After the facility is installed, Installation Qualification (IQ) verifies that the facilities and equipment have been built and installed in accordance with the specifications, installation regulations as well as other standardised rules and regulations. In this stage, the completeness of supplier protocols and documentation must be checked. IQ ends with a report that among other things can include a list of defects.

Operational Qualification (OQ) is also the first operational test of the facility over the total range of the setting parameters. In the planning stage, a decision must be made in terms of which operational tests should and ought to be executed for which facility components. Included are all function units that have a direct influence on the specified parameters of a cleanroom. Operational Qualification includes acceptance measurements of the cleanroom facility.

Performance Qualification is the last stage of the qualification. The facility is tested under operational conditions with all personnel and running production.

The final report summarises all listed qualification steps in a document. It is thus the formal release of facilities and equipment for manufacturing after having carried out the validation.

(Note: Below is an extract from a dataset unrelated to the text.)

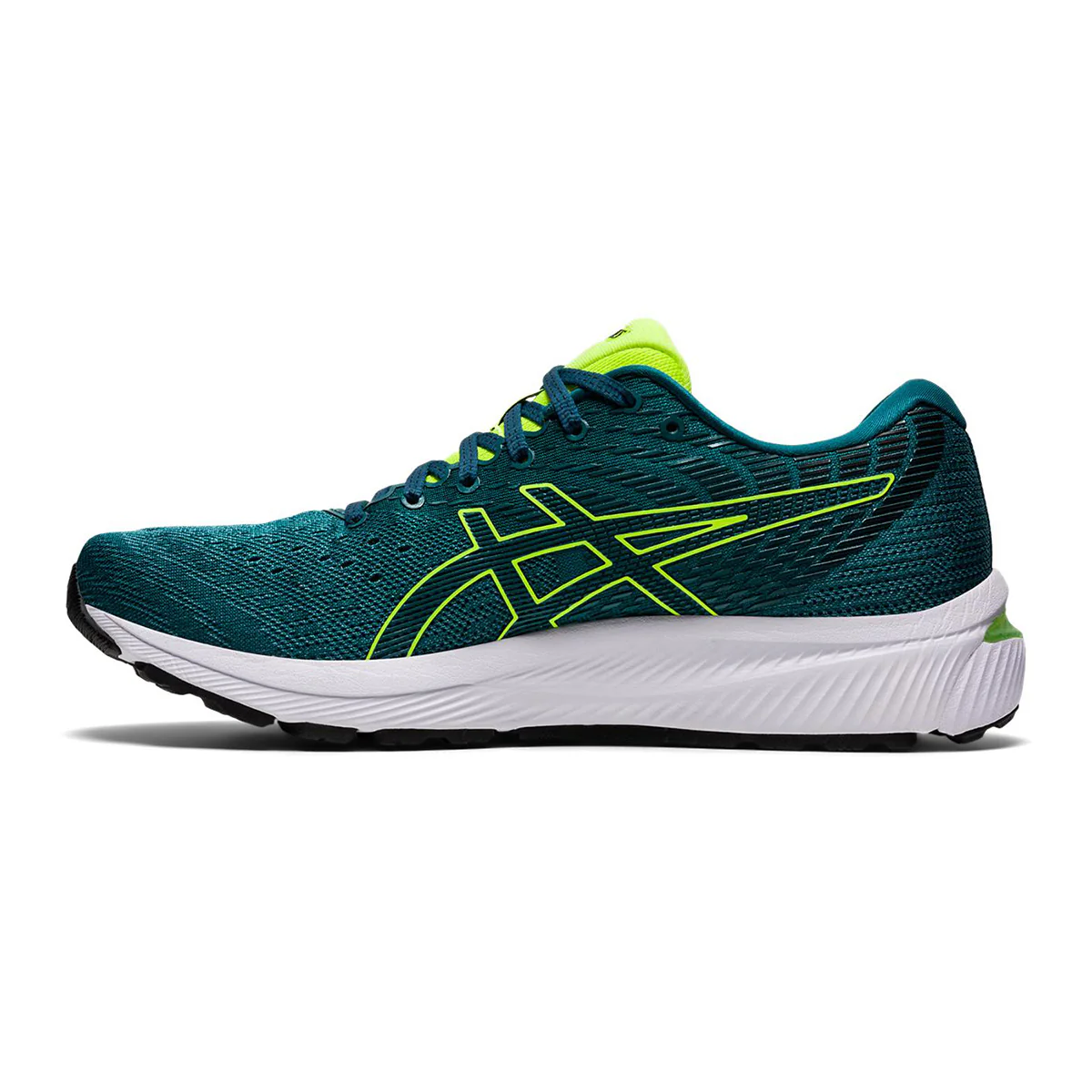 Asics Cumulus 22 - Misty Pine - Velvet Pine - Image 2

The documentation is an essential part of quality security besides GMP principles. It includes all qualification plans, the test plans and instructions as well as final report. Included are also all machine documentation, the relevant switching and facility plans, and user documentation containing operation instructions and detailed maintenance manuals. The principle of cleanroom engineering must be considered in this connection. What is meant is that any subsequent modifications call for a new execution of the total qualification and validation process. Other parts of the documentation include documents and recommendations concerning staff education and training, and the in-house implementation of given tasks.

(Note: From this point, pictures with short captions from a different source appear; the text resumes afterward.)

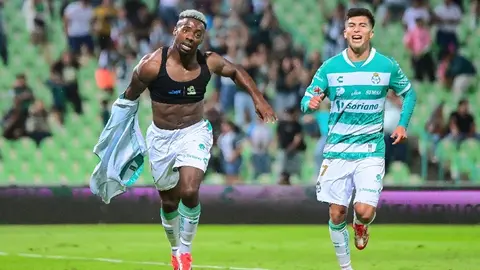 ¡Reviven los Santos! Pumas cayó ante el equipo de la Comarca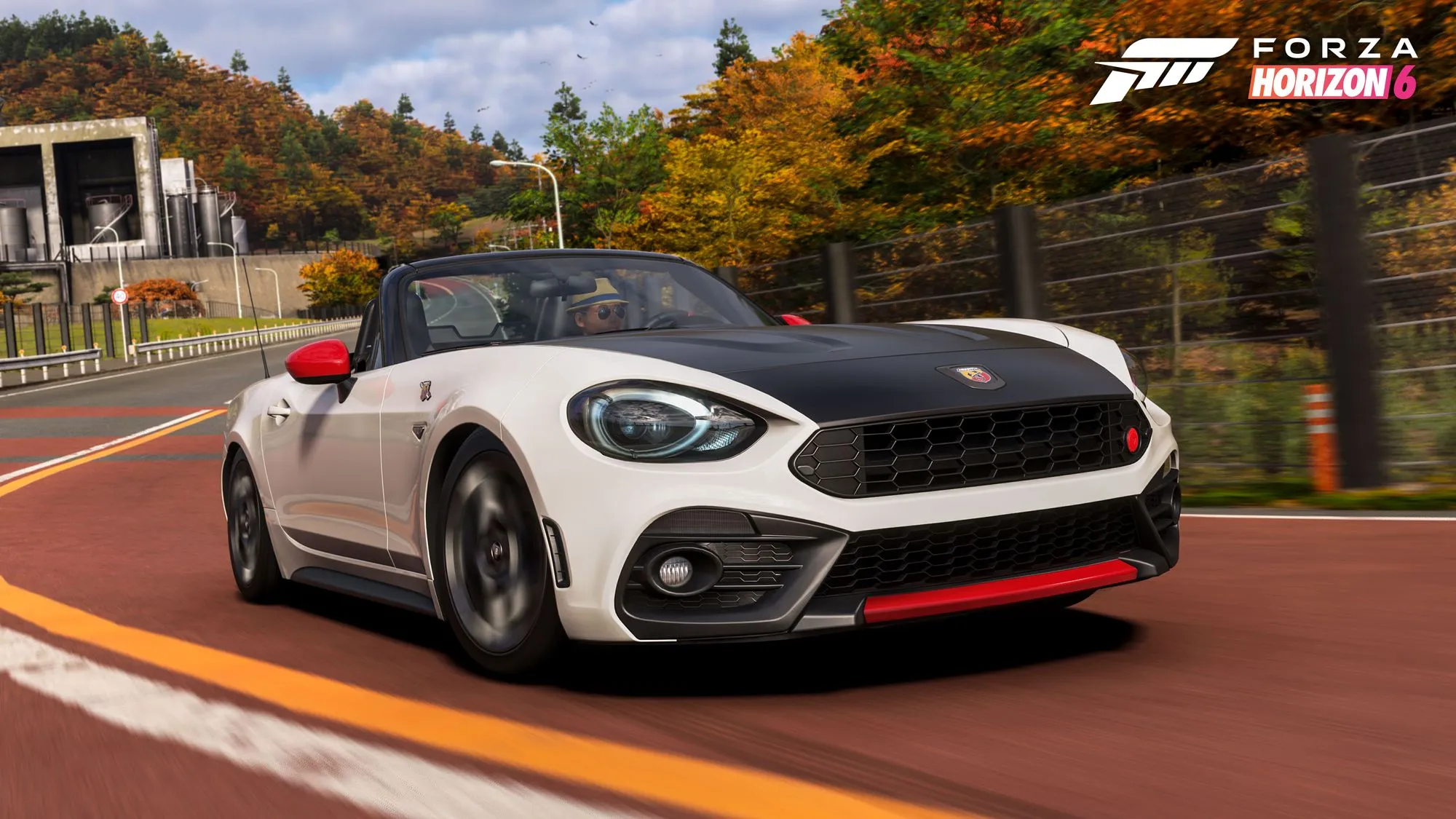Forza Horizon 6 Italian Exotics Update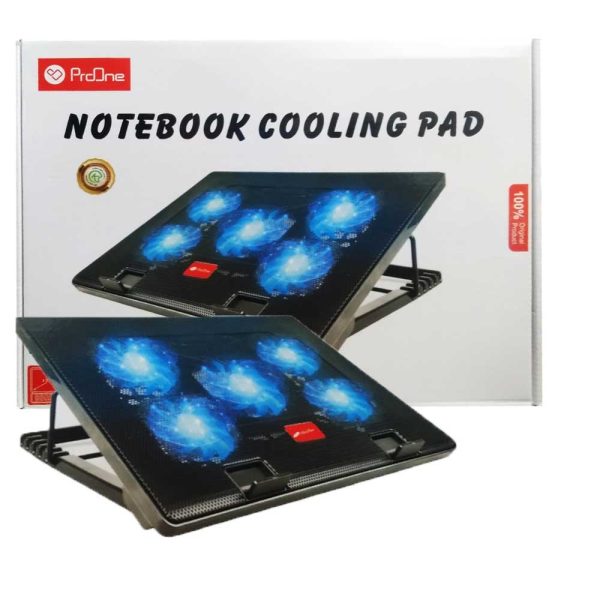 فن نوت بوک  PCP54مشکی PROONE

In principle the acceptance of a cleanroom is merely a formal act that is preceded among other things by acceptance measurements and tests. The basis for the acceptance measurements and tests can be various recommendations that sometimes include details on the methods and measuring devices to be used. To ensure least possible disagreements within the scope of the acceptance measurements, it is best that cleanroom manufacturer and cleanroom user agree already in the specifications on the parameters to be tested.

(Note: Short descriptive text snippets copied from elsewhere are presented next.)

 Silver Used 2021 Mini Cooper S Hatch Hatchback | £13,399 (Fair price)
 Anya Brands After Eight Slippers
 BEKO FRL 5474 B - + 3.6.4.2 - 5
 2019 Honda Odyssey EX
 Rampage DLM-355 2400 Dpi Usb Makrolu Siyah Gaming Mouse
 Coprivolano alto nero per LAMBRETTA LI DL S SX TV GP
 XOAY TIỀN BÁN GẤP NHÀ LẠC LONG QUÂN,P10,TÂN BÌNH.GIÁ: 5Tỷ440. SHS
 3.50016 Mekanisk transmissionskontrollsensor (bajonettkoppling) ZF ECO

As soon as the acceptance measurements of a cleanroom have been completed and the room has been taken into operation, it should be monitored continuously according to a monitoring plan. The monitoring of the cleanroom facilities is usually not precisely defined in the recommendations. Thus it is up to the user.

Costs for execution often have a higher priority for many clients than planning or quality of execution. But it is planning that influences decisively the development of costs. Conventional planning calls for much higher additional costs than this is the case with far-sighted planning. It is important that quality management includes modification and malfunction management.

Basically, it is not advisable to make any modifications within the described project stages. This may have hardly comprehendible consequences due to the inter-connection of individual cleanroom subsystems. In case such modifications are nevertheless required, the entire process for identification and determination of the parameters must be repeated, thus inevitably ruining every tight cost calculation scheme.

As far as qualification and validation is concerned, it is difficult to estimate the costs in advance. Experience has shown that these two stages make up for about 8-15% of total investments.

Prerequisites for concept and execution of an economical cleanroom system are specific knowledge and experience of the planner as well as of the facility manufacturer – and close cooperation with the operator.

Operators of a cleanroom-manufacturing site must be aware of the fact that such a complex facility causes additional costs. Adopting the idea of setting up a cleanroom production on a smaller space to save costs is quite risky. Ultimately, what actually matters is the required quality of the products to be manufactured.